Alexander and Johnson argue that Preston’s motions to recuse are merely
stalling tactics designed to give him time to get a TRO from the Texas courts before 5 they could get one in Louisiana. They point out that when the motion for summary
judgment was initially set for hearing, Preston sought and received a stay allegedly
to conduct discovery. During that stay, Preston did depose Judge Cutrer, but he also
sought and obtained injunctive relief in the Texas court as discussed above.
On August 7, 2018, this court upheld Judge Wilson’s denial of the motion to
recuse. See 18-612. Preston filed a writ application with the Louisiana Supreme
Court on September 6, 2018, which is still pending. Now, Preston challenges Judge
Simon’s denial of his motion to recuse.
Also, on August 7, 2018, Judge Wilson granted a TRO after a phone
conference. Then, on August 16, 2018, Judge Wilson granted a preliminary
injunction enjoining Preston from participating in any proceedings related to the
administration of the Harrier Trust anywhere other than the Fourteenth Judicial
District Court. This ruling is the subject of the present writ application and an
unlodged appeal.
This court calls up writ application 18-667 for the purpose of issuing a written
opinion. We find that there is no need for additional briefings or oral argument.
SUPERVISORY RELIEF
“An appeal may be taken of right from an order or judgment relating to a
preliminary or final injunction[,] but such an order or judgment shall not be
suspended during the pendency of an appeal unless the court in its discretion so
orders.” La.Code Civ.P. art. 3612(B) (emphasis added). While “[a] preliminary
injunction is an interlocutory procedural device designed to preserve the status quo
between the parties pending a trial on the merits[,] . . . a party aggrieved by a
judgment either granting or denying a preliminary injunction is entitled to an
appeal.” Bernhard MCC, LLC v. Zeringue, 18-30, p. 4 (La.App. 5 Cir. 5/30/18), 250
So.3d 342, 347. 6 Louisiana Code of Civil Procedure Article 3612 uses the permissive “may”
rather than “‘shall[,]’ indicating than an appeal is permitted, but not mandated, to
seek review of judgments relating to injunctions.” Mik-Lee, Inc. v. City of New
Orleans, 581 So.2d 261, 264 (La.App. 4 Cir. 1990), writ denied, 576 So.2d 28
(La.1991). See also La.Const. Art. 5 §10 and La.Code Civ.P. art. 2201. “If a party
elects to seek review by applying for supervisory writs, it must be done within the
same time limits allowed for an appeal of the judgment complained of, which is 15
days under La.C[ode] C[iv.]P. art. 3612.” First Bank and Trust v. Duwell, 11-104,
p. 5 (La.App. 4 Cir. 5/18/11), 70 So.3d 15, 17 n.5.

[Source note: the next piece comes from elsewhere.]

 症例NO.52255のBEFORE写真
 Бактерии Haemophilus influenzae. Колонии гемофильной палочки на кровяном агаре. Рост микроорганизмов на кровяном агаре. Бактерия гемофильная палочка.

Alexander and Johnson object to this court’s review of the preliminary
injunction under its supervisory jurisdiction and argue that a review by appeal would
give the parties the opportunity to have oral argument. They also note that Preston
was granted an order of appeal on August 22, 2018, by the trial court.
The notice of appeal was received by this court’s clerk of court on August 30,
2018. The notice of intent to file this writ application was filed on August 22, 2018,
the same day that the order of appeal was signed in the trial court. The order setting
a return date of September 15, 2018, was also signed on August 22, 2018. The writ
application was filed on August 29, 2018, within fifteen days of the issuance of the
preliminary injunction.
Based on the above cited cases, we find that review under this court’s
supervisory jurisdiction is appropriate because it is probable that by the time any
appeal of the preliminary injunction would be completed, the issues presented
therein would be moot.
Alexander and Johnson oppose the request for expedited consideration and
the writ application because the Texas court issued judgments that the Texas cases
on appeal are “abated, treated as closed cases, and removed from the court’s active 7 docket” in deference to the preliminary injunction issued by the Louisiana court.
They allege that because they have challenged the Texas court’s jurisdiction and are
appearing in those proceedings under a “Special Appearance,” they can take no
action in the Texas proceedings without waiving jurisdiction.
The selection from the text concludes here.